> [Description of the task] Since the copy must match the original, write out each record word for word, skipping only the pictures.

> [Extracted records]
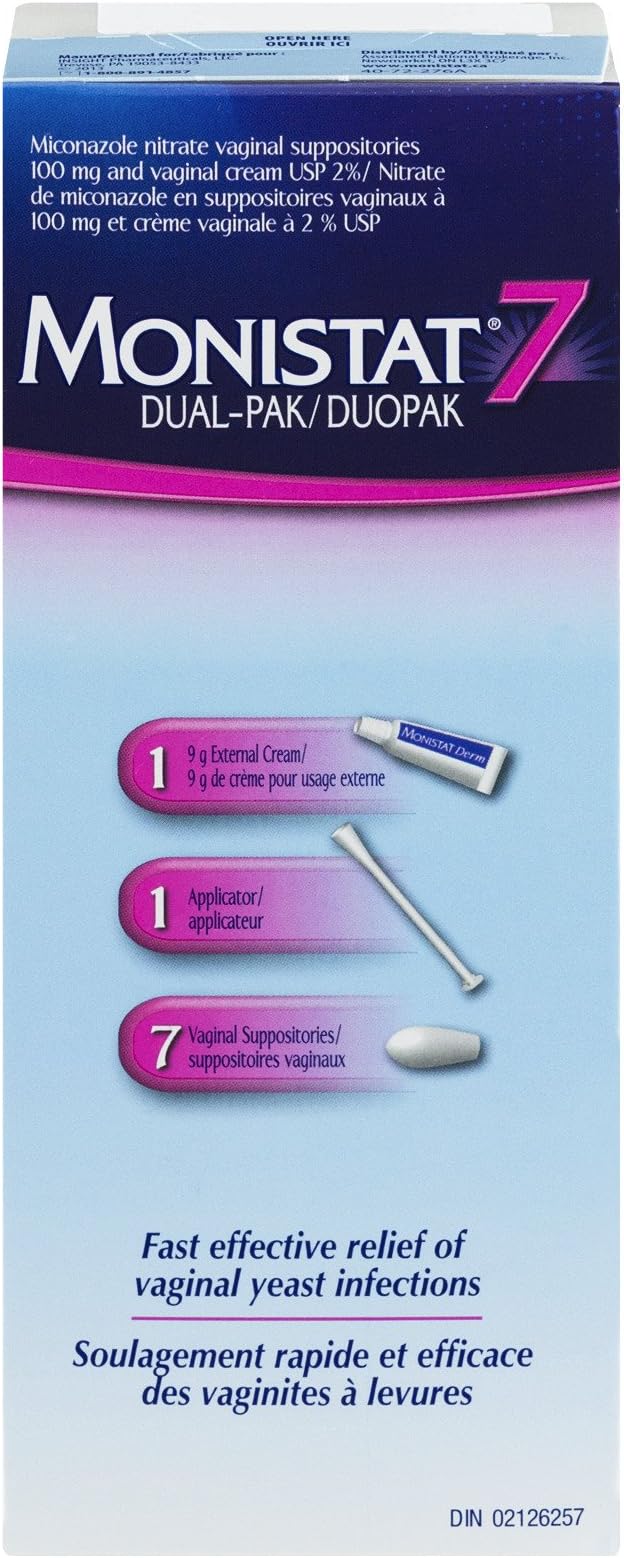 Monistat 7 Day Combo Pack with Derm, 9g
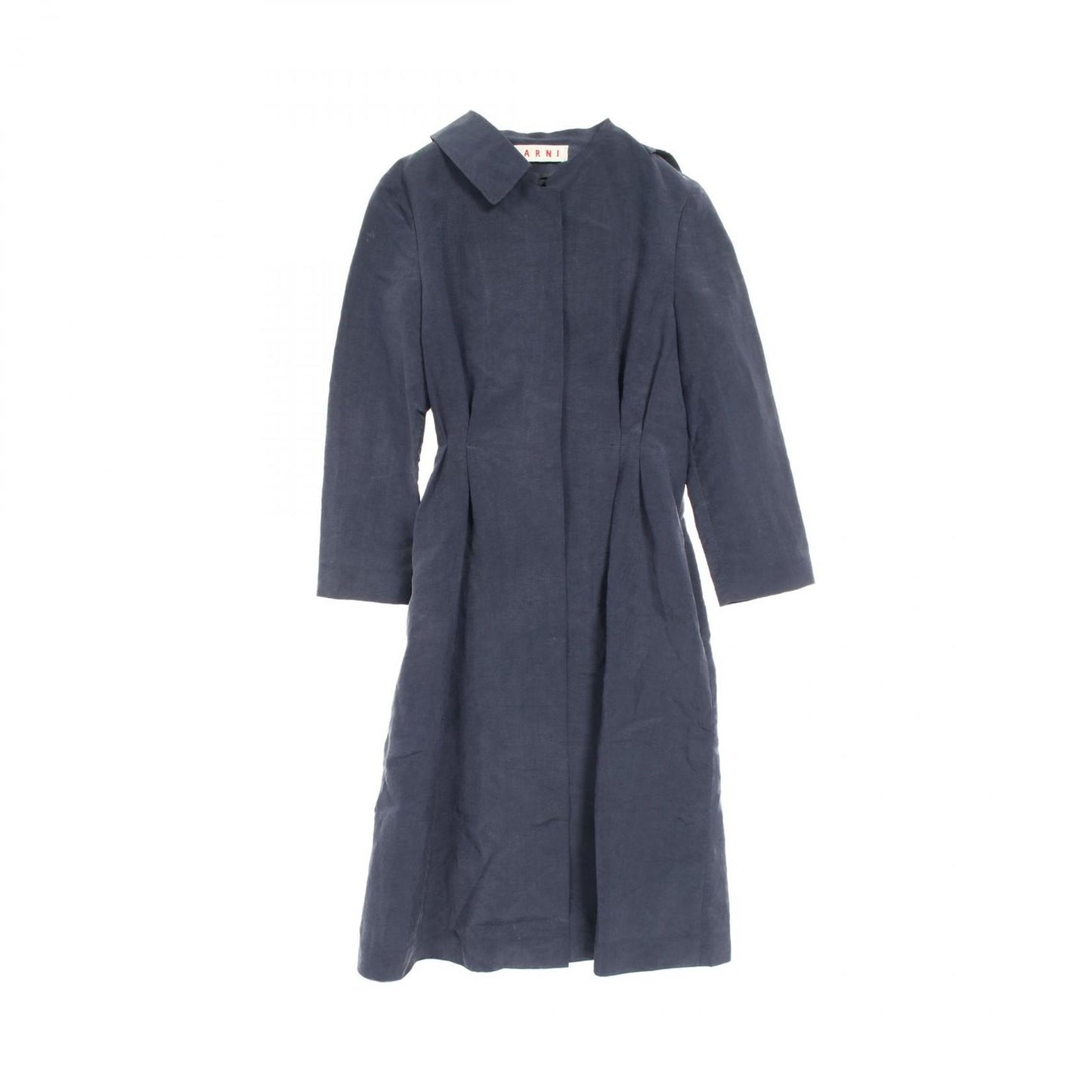 MARNI Silk Dress in Navy - Timeless Elegance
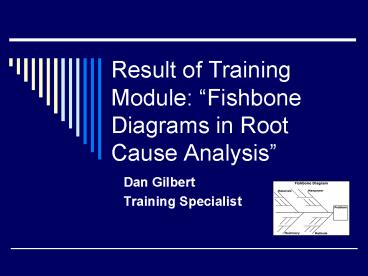 Result of Training Module: Fishbone Diagrams in Root Cause Analysis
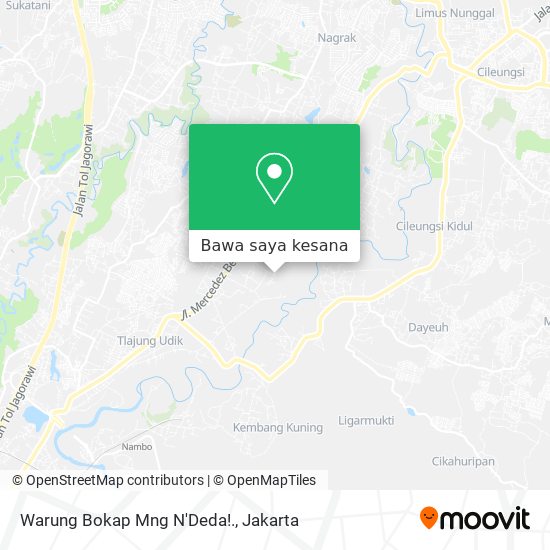 Peta Warung Bokap Mng N'Deda!.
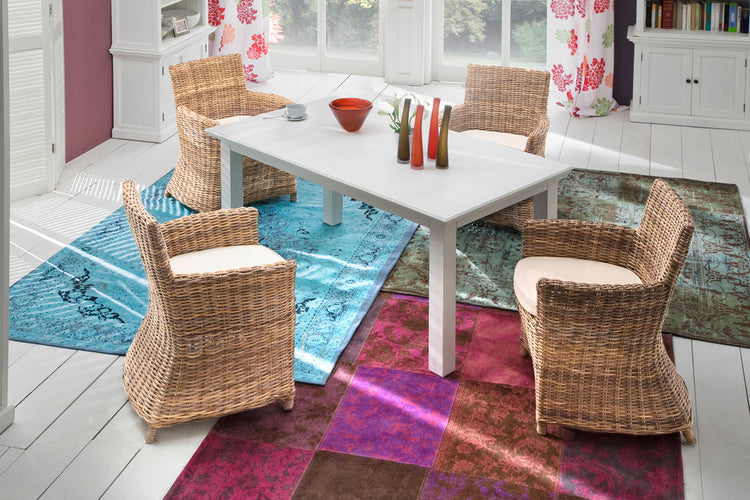 Bishop Kubu Rattan Arm Chair - lifestyle | Marcottestyle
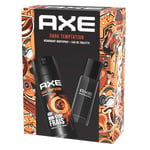 AXE - Coffret Dark Temptation pour Homme - un déodorant bodyspray de 200 ml et une eau de toilette de 100 ml - parfum masculin et frais aux notes de chocolat noir - tenue 48H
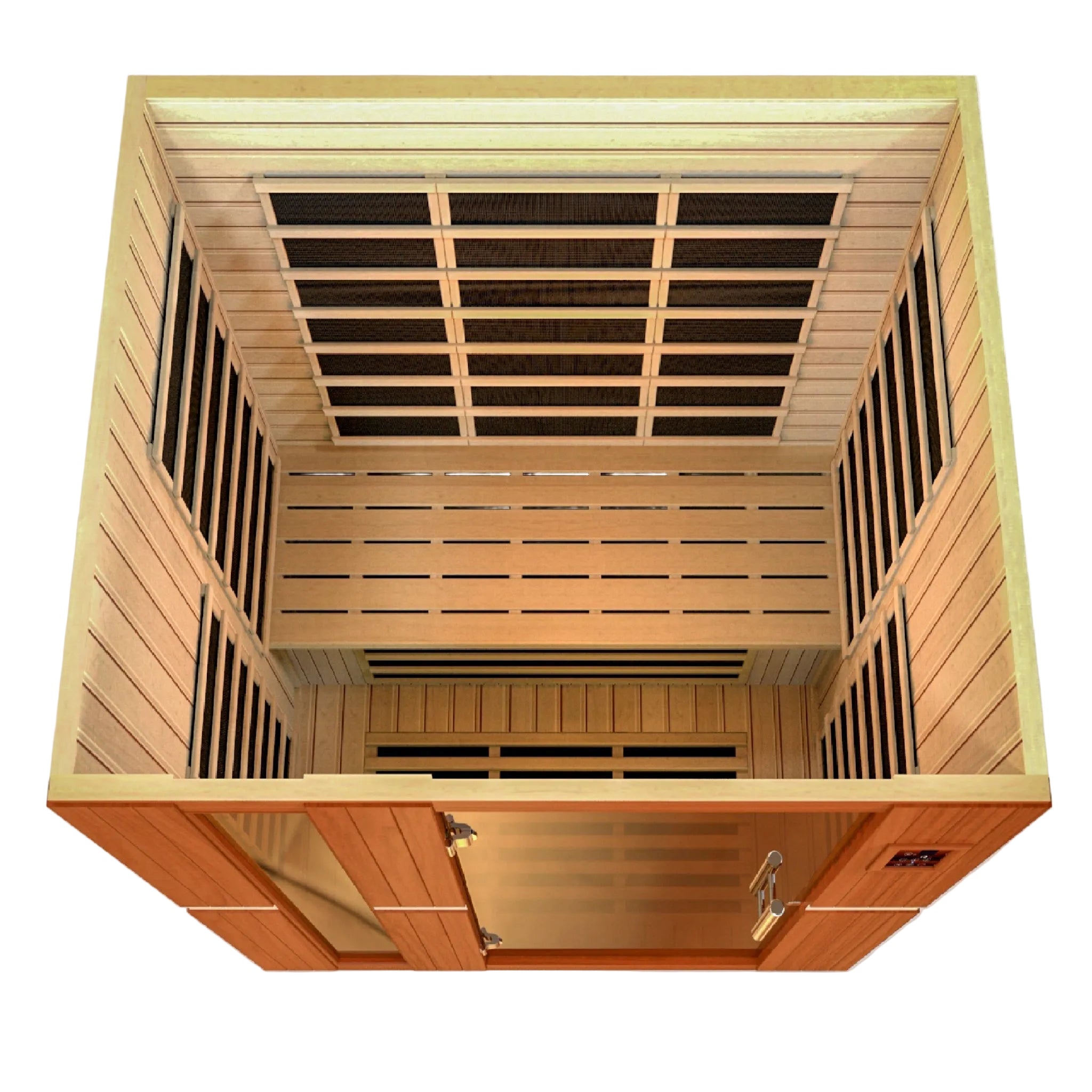 Dynamic “Lugano” 3 Person Low EMF FAR Infrared Sauna (DYN-6336-02)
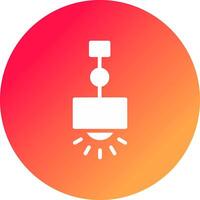 Hanging Lamp Creative Icon Design vector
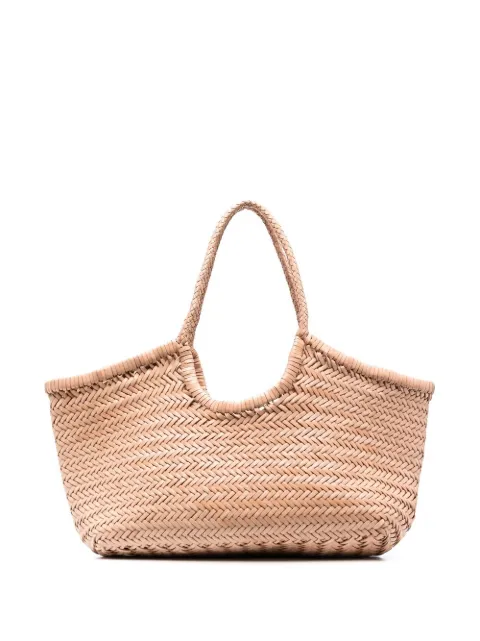 DRAGON DIFFUSION interwoven-design tote bag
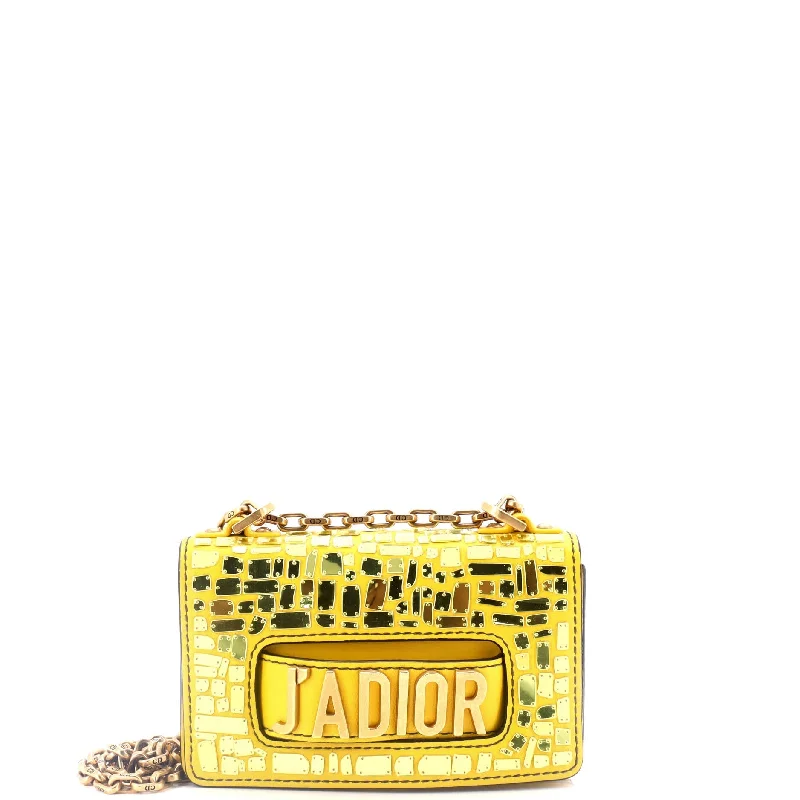 J'Adior Flap Bag Leather and Mirror Mosaic Mini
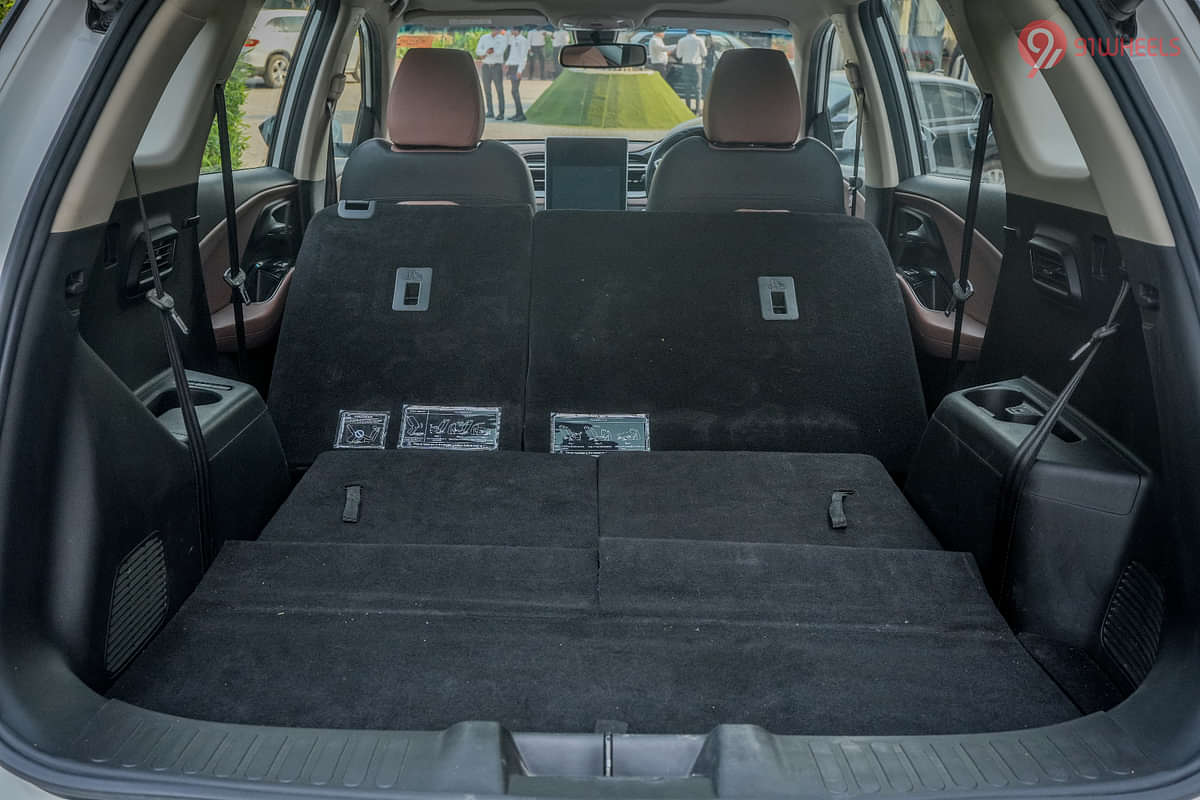 MG Hector Plus Bootspace Rear Seat Folded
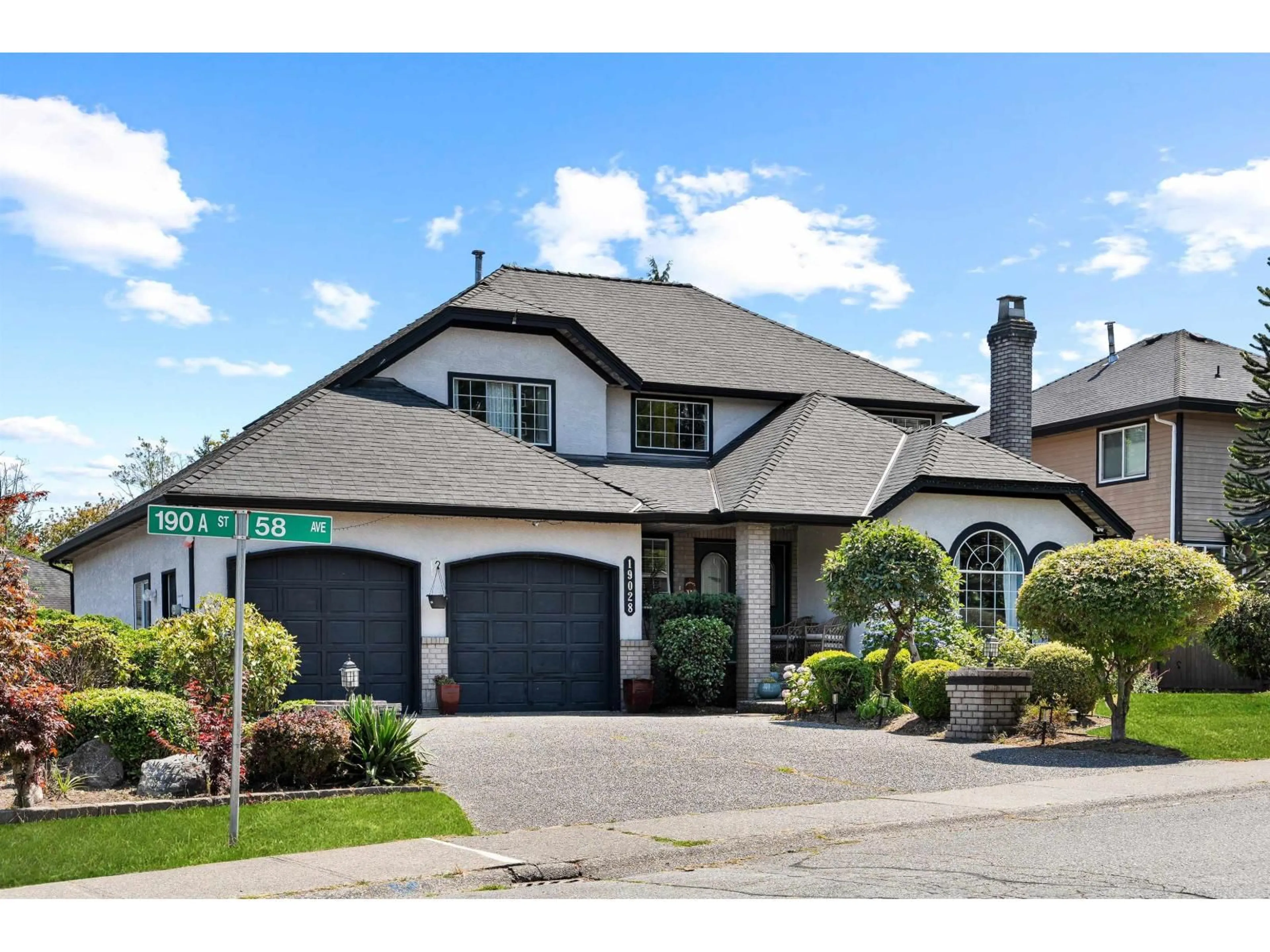 Home with vinyl exterior material, street for 19028 58 AVENUE, Surrey British Columbia V3S7M3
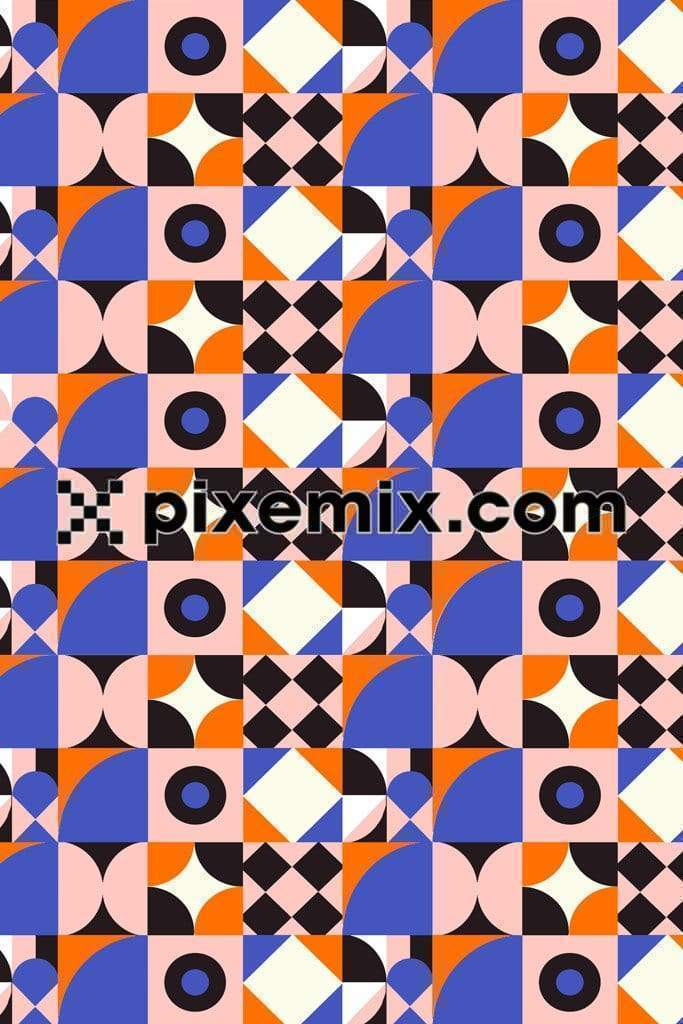 Abstract geometric art product graphics with seamless repeat pattern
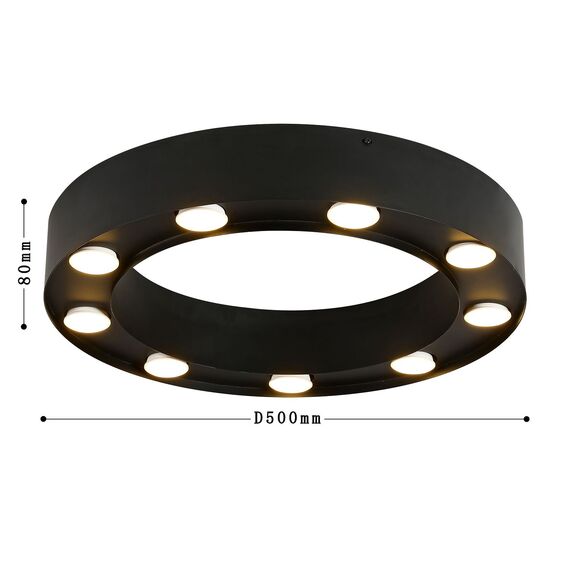 Favourite 3007-9U, потолочная люстра, D500xH80, 9xGU10LEDx5W, excluded, изображение 3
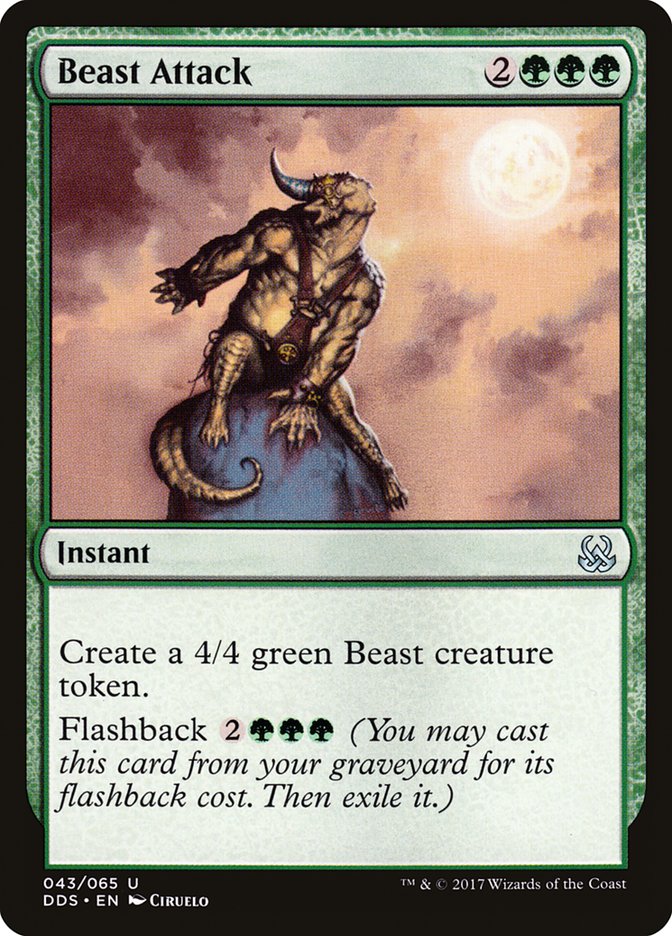 Beast Attack [Duel Decks: Mind vs. Might] - Waypoint Games CA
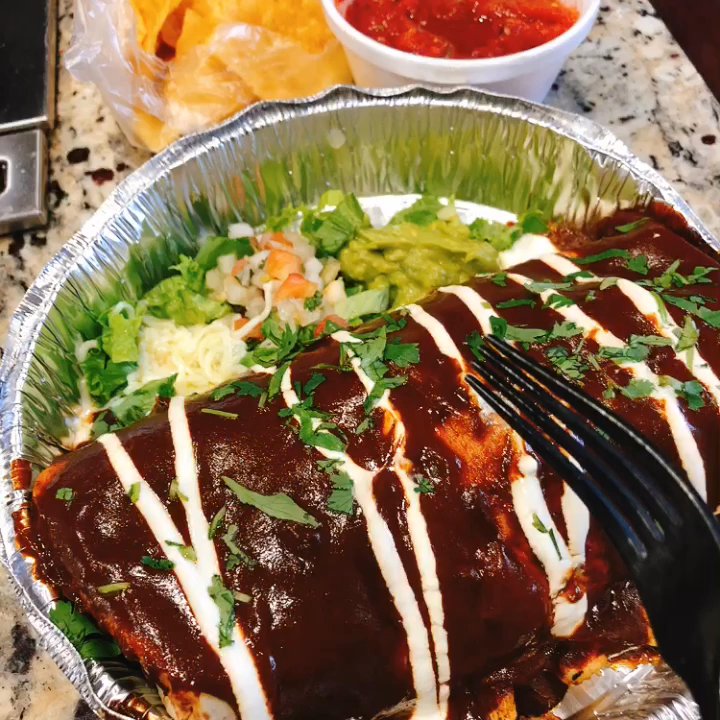El Paso Mexican Grill - Mole Burrito - Mexican Near Me - Dumfries, Virginia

> [Response to the exercise]
 Monistat 7 Day Combo Pack with Derm, 9g
 MARNI Silk Dress in Navy - Timeless Elegance
 Result of Training Module: Fishbone Diagrams in Root Cause Analysis
 Peta Warung Bokap Mng N'Deda!.
 Bishop Kubu Rattan Arm Chair - lifestyle | Marcottestyle
 AXE - Coffret Dark Temptation pour Homme - un déodorant bodyspray de 200 ml et une eau de toilette de 100 ml - parfum masculin et frais aux notes de chocolat noir - tenue 48H
 Dynamic “Lugano” 3 Person Low EMF FAR Infrared Sauna (DYN-6336-02)
 Hanging Lamp Creative Icon Design vector
 DRAGON DIFFUSION interwoven-design tote bag
 J'Adior Flap Bag Leather and Mirror Mosaic Mini
 MG Hector Plus Bootspace Rear Seat Folded
 Home with vinyl exterior material, street for 19028 58 AVENUE, Surrey British Columbia V3S7M3
 Abstract geometric art product graphics with seamless repeat pattern
 Favourite 3007-9U, потолочная люстра, D500xH80, 9xGU10LEDx5W, excluded, изображение 3
 Beast Attack [Duel Decks: Mind vs. Might] - Waypoint Games CA
El Paso Mexican Grill - Mole Burrito - Mexican Near Me - Dumfries, Virginia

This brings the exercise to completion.